* **Records for processing**

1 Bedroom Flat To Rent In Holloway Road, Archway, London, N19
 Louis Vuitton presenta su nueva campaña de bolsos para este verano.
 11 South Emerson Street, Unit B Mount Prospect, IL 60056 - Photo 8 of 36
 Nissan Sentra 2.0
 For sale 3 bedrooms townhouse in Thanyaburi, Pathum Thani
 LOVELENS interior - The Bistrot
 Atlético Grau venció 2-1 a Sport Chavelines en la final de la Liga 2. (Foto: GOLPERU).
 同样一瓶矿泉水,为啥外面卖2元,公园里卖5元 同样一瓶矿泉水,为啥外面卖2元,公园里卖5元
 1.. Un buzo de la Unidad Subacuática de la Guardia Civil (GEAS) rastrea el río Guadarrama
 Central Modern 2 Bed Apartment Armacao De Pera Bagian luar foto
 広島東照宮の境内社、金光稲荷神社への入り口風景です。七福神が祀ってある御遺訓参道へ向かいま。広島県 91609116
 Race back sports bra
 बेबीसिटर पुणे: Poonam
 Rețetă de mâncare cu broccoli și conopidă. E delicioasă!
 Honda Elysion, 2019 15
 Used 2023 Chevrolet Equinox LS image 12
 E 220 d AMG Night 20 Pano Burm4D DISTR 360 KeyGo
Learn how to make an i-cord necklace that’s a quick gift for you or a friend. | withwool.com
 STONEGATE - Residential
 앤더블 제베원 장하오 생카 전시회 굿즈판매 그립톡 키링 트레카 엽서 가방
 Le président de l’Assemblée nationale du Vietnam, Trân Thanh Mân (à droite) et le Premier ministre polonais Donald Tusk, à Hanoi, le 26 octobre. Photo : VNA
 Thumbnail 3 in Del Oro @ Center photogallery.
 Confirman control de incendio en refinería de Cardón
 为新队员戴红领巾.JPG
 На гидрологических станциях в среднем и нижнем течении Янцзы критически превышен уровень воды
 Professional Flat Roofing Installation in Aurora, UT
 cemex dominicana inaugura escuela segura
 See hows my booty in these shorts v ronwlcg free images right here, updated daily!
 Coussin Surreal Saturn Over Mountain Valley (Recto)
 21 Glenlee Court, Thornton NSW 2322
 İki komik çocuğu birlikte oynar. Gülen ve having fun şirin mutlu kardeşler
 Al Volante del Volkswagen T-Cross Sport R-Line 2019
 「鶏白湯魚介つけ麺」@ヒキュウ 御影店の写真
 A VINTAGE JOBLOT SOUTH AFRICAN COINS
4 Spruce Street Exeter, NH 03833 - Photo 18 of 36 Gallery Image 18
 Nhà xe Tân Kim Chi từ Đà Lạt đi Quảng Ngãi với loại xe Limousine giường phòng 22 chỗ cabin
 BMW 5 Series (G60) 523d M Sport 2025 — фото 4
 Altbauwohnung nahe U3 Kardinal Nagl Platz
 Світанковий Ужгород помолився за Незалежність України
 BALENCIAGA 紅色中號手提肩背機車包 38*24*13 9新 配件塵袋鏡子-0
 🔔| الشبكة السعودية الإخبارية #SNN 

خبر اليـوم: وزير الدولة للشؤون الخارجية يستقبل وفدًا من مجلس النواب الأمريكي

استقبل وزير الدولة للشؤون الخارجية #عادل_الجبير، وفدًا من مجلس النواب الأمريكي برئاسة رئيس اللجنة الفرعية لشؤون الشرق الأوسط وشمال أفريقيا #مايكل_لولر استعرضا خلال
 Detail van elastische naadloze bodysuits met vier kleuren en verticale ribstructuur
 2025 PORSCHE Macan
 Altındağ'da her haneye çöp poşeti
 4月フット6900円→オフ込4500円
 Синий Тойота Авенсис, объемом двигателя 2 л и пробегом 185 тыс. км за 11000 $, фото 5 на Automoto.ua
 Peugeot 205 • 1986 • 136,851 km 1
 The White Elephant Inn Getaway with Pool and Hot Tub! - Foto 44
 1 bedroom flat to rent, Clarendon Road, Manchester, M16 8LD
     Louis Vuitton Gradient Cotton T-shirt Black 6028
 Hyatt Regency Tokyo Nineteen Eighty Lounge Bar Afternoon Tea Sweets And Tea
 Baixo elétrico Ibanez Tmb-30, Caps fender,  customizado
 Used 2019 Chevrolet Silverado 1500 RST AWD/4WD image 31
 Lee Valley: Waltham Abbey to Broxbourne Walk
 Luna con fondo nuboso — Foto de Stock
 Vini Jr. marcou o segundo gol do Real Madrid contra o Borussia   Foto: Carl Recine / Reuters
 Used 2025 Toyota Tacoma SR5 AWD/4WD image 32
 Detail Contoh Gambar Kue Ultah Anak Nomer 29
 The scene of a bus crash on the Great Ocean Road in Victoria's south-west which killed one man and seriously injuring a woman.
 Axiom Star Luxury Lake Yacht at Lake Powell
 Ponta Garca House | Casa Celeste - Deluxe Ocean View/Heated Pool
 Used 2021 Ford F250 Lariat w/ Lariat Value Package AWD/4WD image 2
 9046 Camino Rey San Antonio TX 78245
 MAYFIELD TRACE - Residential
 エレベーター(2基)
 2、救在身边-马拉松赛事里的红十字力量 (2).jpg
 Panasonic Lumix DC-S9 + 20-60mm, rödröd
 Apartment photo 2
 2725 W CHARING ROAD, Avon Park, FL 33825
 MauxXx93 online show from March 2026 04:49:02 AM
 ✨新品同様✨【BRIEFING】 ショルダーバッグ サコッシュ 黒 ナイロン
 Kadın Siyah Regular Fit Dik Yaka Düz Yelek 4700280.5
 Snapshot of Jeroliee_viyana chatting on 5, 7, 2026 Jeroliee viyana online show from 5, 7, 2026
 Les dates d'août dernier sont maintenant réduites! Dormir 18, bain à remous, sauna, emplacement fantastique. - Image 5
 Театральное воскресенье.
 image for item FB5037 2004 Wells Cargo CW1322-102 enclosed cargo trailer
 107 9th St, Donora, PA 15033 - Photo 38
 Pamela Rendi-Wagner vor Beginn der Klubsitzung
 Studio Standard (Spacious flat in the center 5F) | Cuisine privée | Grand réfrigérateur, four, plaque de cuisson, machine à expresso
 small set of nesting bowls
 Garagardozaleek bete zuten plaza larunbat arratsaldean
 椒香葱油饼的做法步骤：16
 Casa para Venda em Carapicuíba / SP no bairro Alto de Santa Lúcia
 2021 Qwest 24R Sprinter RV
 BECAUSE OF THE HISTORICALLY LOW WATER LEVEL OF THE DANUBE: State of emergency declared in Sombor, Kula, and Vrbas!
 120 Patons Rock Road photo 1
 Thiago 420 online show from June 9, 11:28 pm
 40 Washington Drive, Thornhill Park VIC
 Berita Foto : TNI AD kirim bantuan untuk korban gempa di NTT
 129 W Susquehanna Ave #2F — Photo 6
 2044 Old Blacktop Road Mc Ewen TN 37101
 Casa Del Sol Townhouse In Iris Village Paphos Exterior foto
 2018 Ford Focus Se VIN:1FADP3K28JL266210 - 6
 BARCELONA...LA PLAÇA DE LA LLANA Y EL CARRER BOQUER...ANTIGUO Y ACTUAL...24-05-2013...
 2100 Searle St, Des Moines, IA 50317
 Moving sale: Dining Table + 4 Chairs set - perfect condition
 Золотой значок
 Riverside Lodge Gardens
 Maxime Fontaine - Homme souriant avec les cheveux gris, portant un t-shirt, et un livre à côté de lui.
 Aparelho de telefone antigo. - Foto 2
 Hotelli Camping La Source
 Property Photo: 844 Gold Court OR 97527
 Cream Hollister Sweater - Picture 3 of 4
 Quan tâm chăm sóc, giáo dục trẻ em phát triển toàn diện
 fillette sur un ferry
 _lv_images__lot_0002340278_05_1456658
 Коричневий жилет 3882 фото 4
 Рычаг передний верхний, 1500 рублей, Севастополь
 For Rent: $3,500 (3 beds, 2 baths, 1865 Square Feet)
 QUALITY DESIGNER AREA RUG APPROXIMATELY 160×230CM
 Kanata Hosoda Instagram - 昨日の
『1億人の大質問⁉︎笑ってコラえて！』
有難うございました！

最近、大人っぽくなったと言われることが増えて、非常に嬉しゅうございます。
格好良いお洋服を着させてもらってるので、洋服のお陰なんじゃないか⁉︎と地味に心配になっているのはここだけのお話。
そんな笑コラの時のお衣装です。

* **Exercise directions**
Every line above from the line with "Vini Jr. marcou" to the line with "Kadın Siyah Regular", inclusive, must be returned exactly; no other line belongs in the reply.

* **Written answer**
 Vini Jr. marcou o segundo gol do Real Madrid contra o Borussia   Foto: Carl Recine / Reuters
 Used 2025 Toyota Tacoma SR5 AWD/4WD image 32
 Detail Contoh Gambar Kue Ultah Anak Nomer 29
 The scene of a bus crash on the Great Ocean Road in Victoria's south-west which killed one man and seriously injuring a woman.
 Axiom Star Luxury Lake Yacht at Lake Powell
 Ponta Garca House | Casa Celeste - Deluxe Ocean View/Heated Pool
 Used 2021 Ford F250 Lariat w/ Lariat Value Package AWD/4WD image 2
 9046 Camino Rey San Antonio TX 78245
 MAYFIELD TRACE - Residential
 エレベーター(2基)
 2、救在身边-马拉松赛事里的红十字力量 (2).jpg
 Panasonic Lumix DC-S9 + 20-60mm, rödröd
 Apartment photo 2
 2725 W CHARING ROAD, Avon Park, FL 33825
 MauxXx93 online show from March 2026 04:49:02 AM
 ✨新品同様✨【BRIEFING】 ショルダーバッグ サコッシュ 黒 ナイロン
 Kadın Siyah Regular Fit Dik Yaka Düz Yelek 4700280.5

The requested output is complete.